Daarmee heeft [appellant] erkend, dat hij alle (netto) bedragen, vermeld op de door hem als juist erkende specificaties, heeft ontvangen.
Verzoek sub 5. betreffende het vakantiegeld is daarom niet toewijsbaar en ook verzoek sub 7. is daarom - ook in gewijzigde, verminderde vorm - niet toewijsbaar.
Het hof voegt daar nog aan toe, dat de berekening van [appellant] in de toelichting op grief 10 op een onjuiste uitgangspunt berust, namelijk dat de maand augustus 2016 in zijn geheel zou moeten worden uitbetaald aan [appellant] , terwijl de arbeidsovereenkomst is geëindigd op 9 augustus 2016. Verder is niet onderbouwd waarom [Graanhandel] , kennelijk is bedoeld over mei 2016, € 629,24 (netto) te weinig uitbetaald zou hebben. Ook de onderbouwing van de overige door [appellant] gestelde netto te weinig uitbetaalde bedragen ontbreekt; de door [appellant] genoemde netto bedragen die niet zouden zijn uitbetaald, zijn niet te herleiden tot de specificaties waarvan [appellant] dus heeft erkend dat deze juist zijn.

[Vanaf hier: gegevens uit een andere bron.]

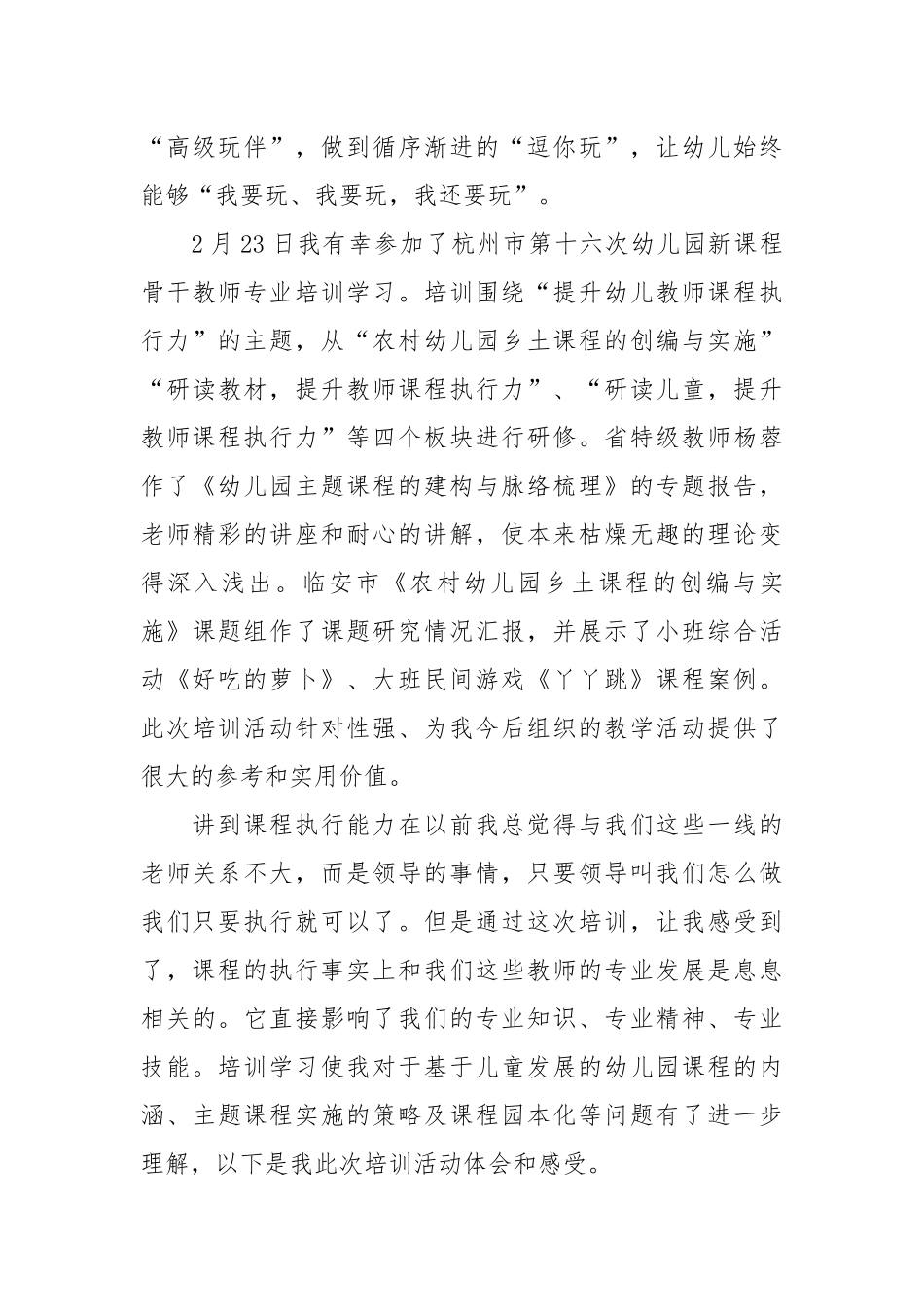 2021幼儿园新课程培训心得篇.docx_第3页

Uit het voorgaande volgt ook dat alle netto-bruto-specificaties in het bezit van [appellant] zijn en daarom zijn de verzoeken ter zake terecht afgewezen (verzoek sub 6. en 8.).

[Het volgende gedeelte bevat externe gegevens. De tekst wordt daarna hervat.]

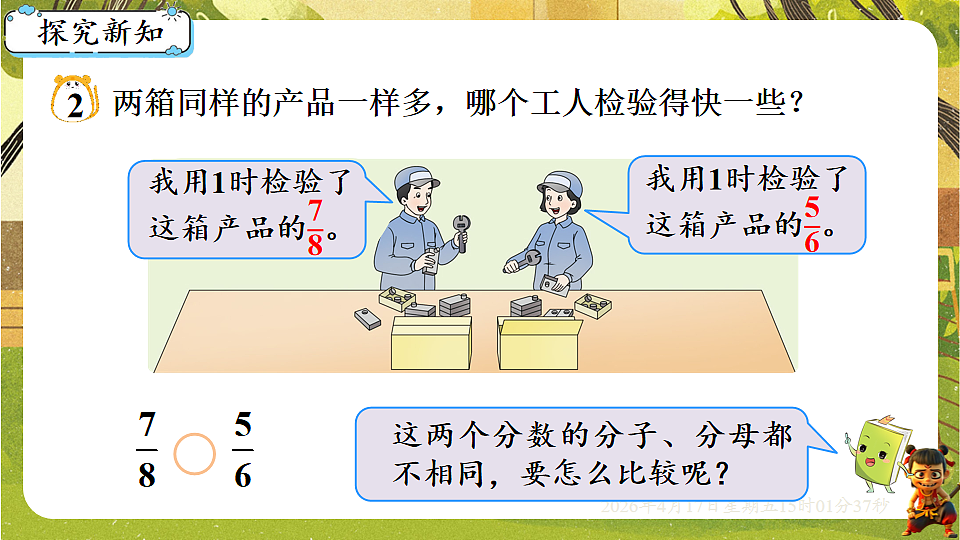 18202222第2页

De grieven 10 en 11 falen.
3.8
Buitengerechtelijke kosten en proceskosten (grief 12)
Het verzoek tot betaling van buitengerechtelijke kosten volgt het lot van de overige verzoeken.
[appellant] is als de in het ongelijk gestelde partij terecht in de proceskosten van de eerste aanleg veroordeeld en ook in hoger beroep is [appellant] de in het ongelijk gestelde partij. Hij wordt ook in hoger beroep in de proceskosten veroordeeld.

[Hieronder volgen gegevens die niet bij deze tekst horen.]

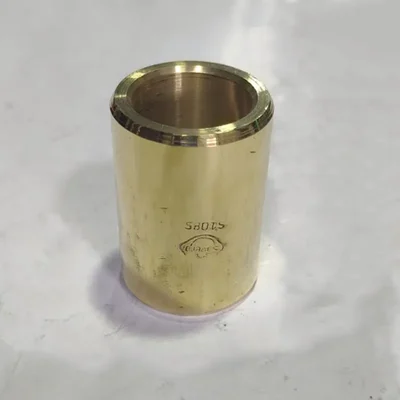 Clutch Bush (Set of 4) for Escorts All model Tractors, SS 153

Verzoek sub 10. kan niet worden toegewezen en grief 12 faalt.
3.9.
Slotsom
Het algemene, vage, bewijsaanbod van [appellant] (pag. 20 beroepschrift) is niet ter zake dienend en wordt verworpen.
Op grond van het vorenstaande zal het hof de bestreden beschikking bekrachtigen onder afwijzing van het meer of anders in hoger beroep verzochte (verzoek sub 11).

4.De beslissing

Het hof:
bekrachtigt de bestreden beschikking;
wijst het meer of anders in hoger beroep verzochte af;
veroordeelt [appellant] in de proceskosten van het hoger beroep, en begroot die kosten tot op heden aan de zijde van [Graanhandel] op € 716,-- aan griffierecht en op € 1.788,-- aan salaris advocaat;
verklaart de proceskostenveroordeling uitvoerbaar bij voorraad.
Deze beschikking is gegeven door mrs. C.E.L.M. Smeenk-van der Weijden, W.H.B. den Hartog Jager en P.P.M. Rousseau en is in het openbaar uitgesproken op 8 juni 2017.